WHAT NEEDS TO BE DONE: Search the records for the word "Buddhayana" and copy each line in which it appears.

EXERCISE INPUT:
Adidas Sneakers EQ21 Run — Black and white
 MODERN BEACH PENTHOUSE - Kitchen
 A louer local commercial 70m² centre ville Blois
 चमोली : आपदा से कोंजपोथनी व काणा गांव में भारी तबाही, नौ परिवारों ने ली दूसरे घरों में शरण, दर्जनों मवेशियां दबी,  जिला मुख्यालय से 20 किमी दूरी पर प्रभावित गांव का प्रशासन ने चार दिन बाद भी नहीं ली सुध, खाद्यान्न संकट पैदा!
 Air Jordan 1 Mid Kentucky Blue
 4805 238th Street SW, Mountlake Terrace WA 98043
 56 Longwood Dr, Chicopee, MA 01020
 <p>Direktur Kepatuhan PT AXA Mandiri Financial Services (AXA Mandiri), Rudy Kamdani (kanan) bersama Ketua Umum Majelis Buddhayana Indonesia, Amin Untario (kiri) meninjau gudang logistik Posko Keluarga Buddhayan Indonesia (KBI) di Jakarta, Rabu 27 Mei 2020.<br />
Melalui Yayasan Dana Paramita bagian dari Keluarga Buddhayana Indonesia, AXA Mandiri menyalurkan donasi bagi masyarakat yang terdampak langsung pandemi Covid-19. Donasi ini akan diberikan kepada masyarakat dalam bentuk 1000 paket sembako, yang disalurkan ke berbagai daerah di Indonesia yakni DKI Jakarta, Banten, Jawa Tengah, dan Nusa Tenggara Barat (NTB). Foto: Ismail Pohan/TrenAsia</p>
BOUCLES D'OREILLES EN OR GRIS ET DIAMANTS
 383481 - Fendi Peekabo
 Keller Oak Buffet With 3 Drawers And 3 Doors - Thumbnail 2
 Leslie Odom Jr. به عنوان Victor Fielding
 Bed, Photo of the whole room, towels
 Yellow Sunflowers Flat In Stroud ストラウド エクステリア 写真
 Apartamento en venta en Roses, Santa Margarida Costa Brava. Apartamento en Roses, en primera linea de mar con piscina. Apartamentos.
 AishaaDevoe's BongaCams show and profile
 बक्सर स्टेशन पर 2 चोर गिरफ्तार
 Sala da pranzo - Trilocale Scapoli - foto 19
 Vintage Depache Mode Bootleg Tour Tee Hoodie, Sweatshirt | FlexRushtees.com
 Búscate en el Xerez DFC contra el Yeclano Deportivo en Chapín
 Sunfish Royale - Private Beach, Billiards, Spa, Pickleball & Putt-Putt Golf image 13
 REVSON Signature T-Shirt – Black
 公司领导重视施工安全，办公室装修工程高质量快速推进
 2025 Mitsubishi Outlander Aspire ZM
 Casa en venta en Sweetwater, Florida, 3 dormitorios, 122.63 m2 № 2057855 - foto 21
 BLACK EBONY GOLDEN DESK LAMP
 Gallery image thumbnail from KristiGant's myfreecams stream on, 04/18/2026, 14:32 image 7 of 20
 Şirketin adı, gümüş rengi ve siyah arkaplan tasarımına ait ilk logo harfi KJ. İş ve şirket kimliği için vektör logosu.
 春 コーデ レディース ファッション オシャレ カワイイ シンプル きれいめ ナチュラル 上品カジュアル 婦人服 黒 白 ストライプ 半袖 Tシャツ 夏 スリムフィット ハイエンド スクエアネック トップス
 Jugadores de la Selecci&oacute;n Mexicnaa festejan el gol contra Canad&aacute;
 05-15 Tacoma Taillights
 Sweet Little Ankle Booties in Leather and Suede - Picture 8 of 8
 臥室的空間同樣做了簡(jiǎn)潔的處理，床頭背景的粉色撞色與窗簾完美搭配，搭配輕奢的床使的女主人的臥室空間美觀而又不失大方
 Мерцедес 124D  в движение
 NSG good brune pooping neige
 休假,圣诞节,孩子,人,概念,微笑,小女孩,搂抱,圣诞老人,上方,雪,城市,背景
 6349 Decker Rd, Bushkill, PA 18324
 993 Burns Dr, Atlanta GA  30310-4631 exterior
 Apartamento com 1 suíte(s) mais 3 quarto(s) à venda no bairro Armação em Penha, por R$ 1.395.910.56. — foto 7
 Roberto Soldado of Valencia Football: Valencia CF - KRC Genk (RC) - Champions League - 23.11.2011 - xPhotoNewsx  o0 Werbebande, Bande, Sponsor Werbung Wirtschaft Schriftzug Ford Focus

TASK RESPONSE:
 <p>Direktur Kepatuhan PT AXA Mandiri Financial Services (AXA Mandiri), Rudy Kamdani (kanan) bersama Ketua Umum Majelis Buddhayana Indonesia, Amin Untario (kiri) meninjau gudang logistik Posko Keluarga Buddhayan Indonesia (KBI) di Jakarta, Rabu 27 Mei 2020.<br />
Melalui Yayasan Dana Paramita bagian dari Keluarga Buddhayana Indonesia, AXA Mandiri menyalurkan donasi bagi masyarakat yang terdampak langsung pandemi Covid-19. Donasi ini akan diberikan kepada masyarakat dalam bentuk 1000 paket sembako, yang disalurkan ke berbagai daerah di Indonesia yakni DKI Jakarta, Banten, Jawa Tengah, dan Nusa Tenggara Barat (NTB). Foto: Ismail Pohan/TrenAsia</p>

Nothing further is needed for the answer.